ASSIGNMENT
Your output should be the lines from the one with "Ciotolina in vetro" through the last line of the records below, exactly as written, minus the pictures.

RECORDS FOR THIS EXERCISE

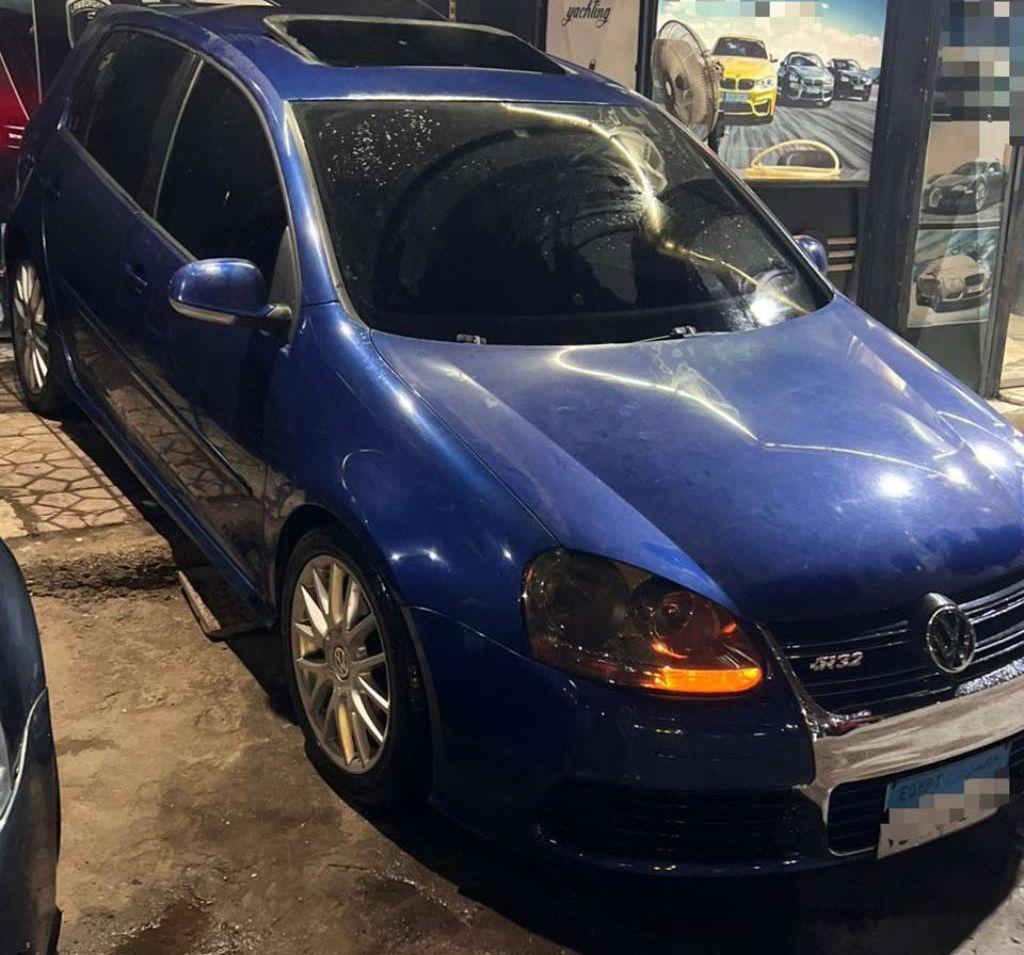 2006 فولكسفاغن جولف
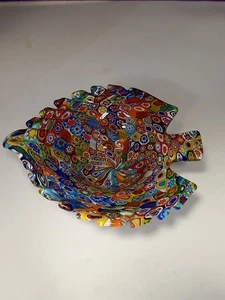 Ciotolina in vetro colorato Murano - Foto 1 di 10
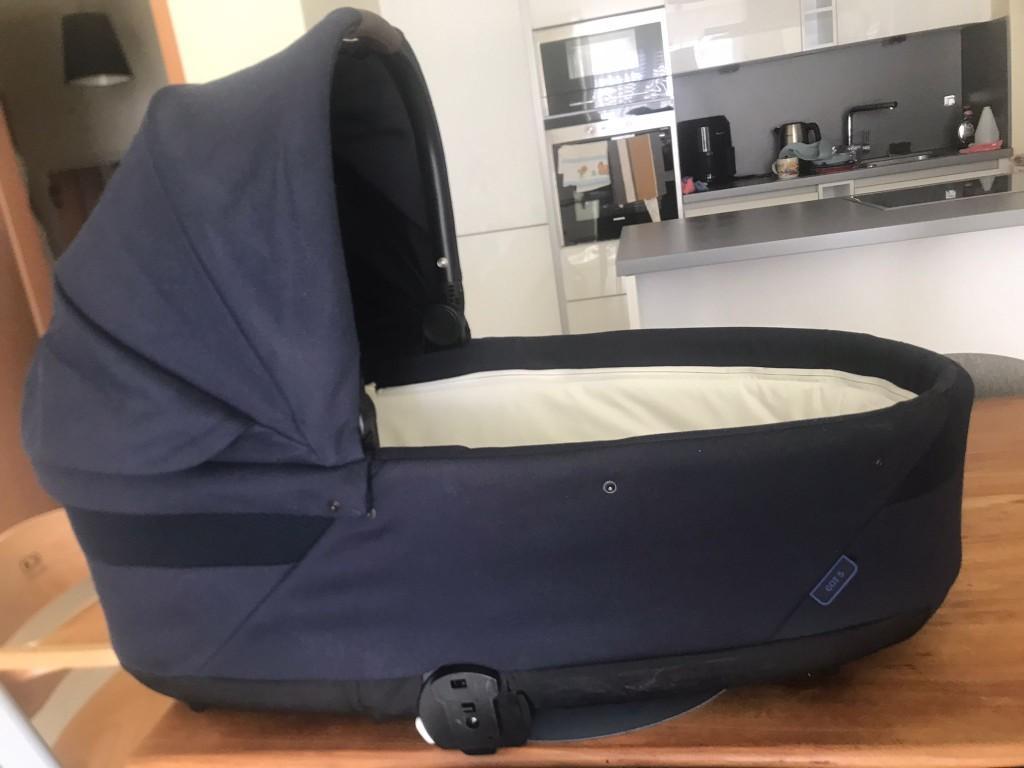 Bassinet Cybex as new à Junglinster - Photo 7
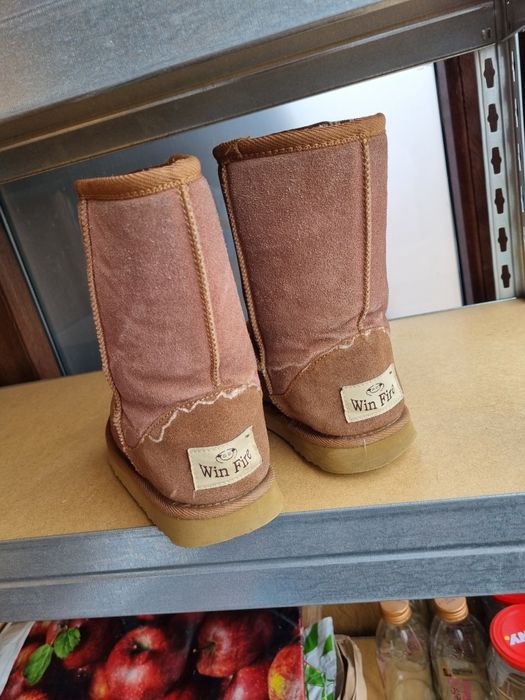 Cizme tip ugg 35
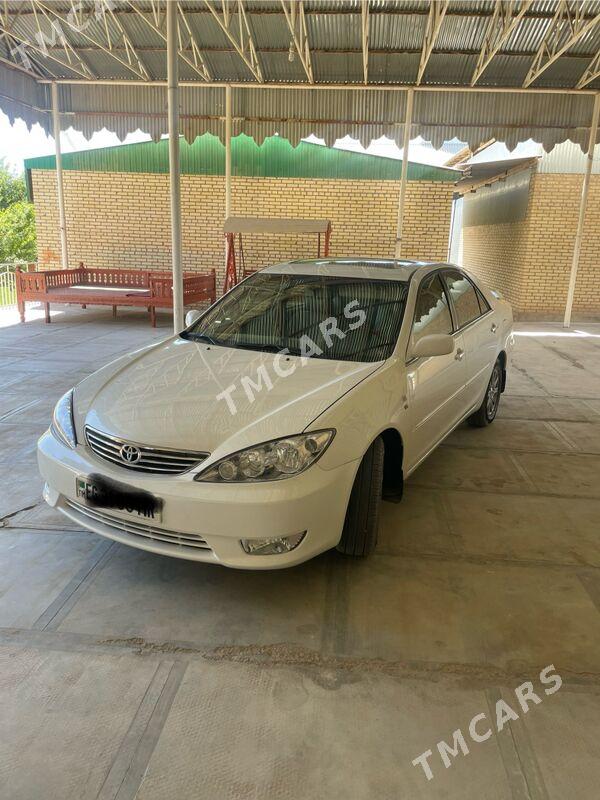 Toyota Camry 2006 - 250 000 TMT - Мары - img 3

YOUR SOLUTION
 Ciotolina in vetro colorato Murano - Foto 1 di 10
 Bassinet Cybex as new à Junglinster - Photo 7
 Cizme tip ugg 35
 Toyota Camry 2006 - 250 000 TMT - Мары - img 3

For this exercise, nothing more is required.